[Records from a dataset]

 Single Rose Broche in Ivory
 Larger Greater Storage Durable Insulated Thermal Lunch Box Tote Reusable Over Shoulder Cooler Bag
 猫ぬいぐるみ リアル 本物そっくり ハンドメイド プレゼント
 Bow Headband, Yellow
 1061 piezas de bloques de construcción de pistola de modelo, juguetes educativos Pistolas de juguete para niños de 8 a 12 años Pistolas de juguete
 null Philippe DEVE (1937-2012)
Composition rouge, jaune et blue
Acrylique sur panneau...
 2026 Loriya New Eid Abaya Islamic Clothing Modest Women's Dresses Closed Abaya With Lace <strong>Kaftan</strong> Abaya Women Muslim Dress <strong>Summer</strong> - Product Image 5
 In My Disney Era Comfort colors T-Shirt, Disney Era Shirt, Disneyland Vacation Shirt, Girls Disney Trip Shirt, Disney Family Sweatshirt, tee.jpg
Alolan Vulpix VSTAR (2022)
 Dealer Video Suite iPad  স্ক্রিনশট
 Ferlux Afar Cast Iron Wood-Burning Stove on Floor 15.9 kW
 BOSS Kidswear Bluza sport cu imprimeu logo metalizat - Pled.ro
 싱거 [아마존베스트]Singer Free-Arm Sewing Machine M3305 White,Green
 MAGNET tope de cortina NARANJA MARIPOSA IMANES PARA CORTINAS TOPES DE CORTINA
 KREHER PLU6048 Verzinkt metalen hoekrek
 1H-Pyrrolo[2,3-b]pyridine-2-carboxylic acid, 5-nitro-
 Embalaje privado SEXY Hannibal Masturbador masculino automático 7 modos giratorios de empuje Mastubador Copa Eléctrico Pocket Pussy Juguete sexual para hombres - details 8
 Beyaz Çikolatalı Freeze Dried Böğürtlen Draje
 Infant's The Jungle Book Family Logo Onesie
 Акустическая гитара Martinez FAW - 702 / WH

_Problem_. Would you retype the lines above from the one with "Larger Greater Storage" down to the one with "BOSS Kidswear Bluza", word for word, both ends included and no other lines?

_Final answer_.
 Larger Greater Storage Durable Insulated Thermal Lunch Box Tote Reusable Over Shoulder Cooler Bag
 猫ぬいぐるみ リアル 本物そっくり ハンドメイド プレゼント
 Bow Headband, Yellow
 1061 piezas de bloques de construcción de pistola de modelo, juguetes educativos Pistolas de juguete para niños de 8 a 12 años Pistolas de juguete
 null Philippe DEVE (1937-2012)
Composition rouge, jaune et blue
Acrylique sur panneau...
 2026 Loriya New Eid Abaya Islamic Clothing Modest Women's Dresses Closed Abaya With Lace <strong>Kaftan</strong> Abaya Women Muslim Dress <strong>Summer</strong> - Product Image 5
 In My Disney Era Comfort colors T-Shirt, Disney Era Shirt, Disneyland Vacation Shirt, Girls Disney Trip Shirt, Disney Family Sweatshirt, tee.jpg
Alolan Vulpix VSTAR (2022)
 Dealer Video Suite iPad  স্ক্রিনশট
 Ferlux Afar Cast Iron Wood-Burning Stove on Floor 15.9 kW
 BOSS Kidswear Bluza sport cu imprimeu logo metalizat - Pled.ro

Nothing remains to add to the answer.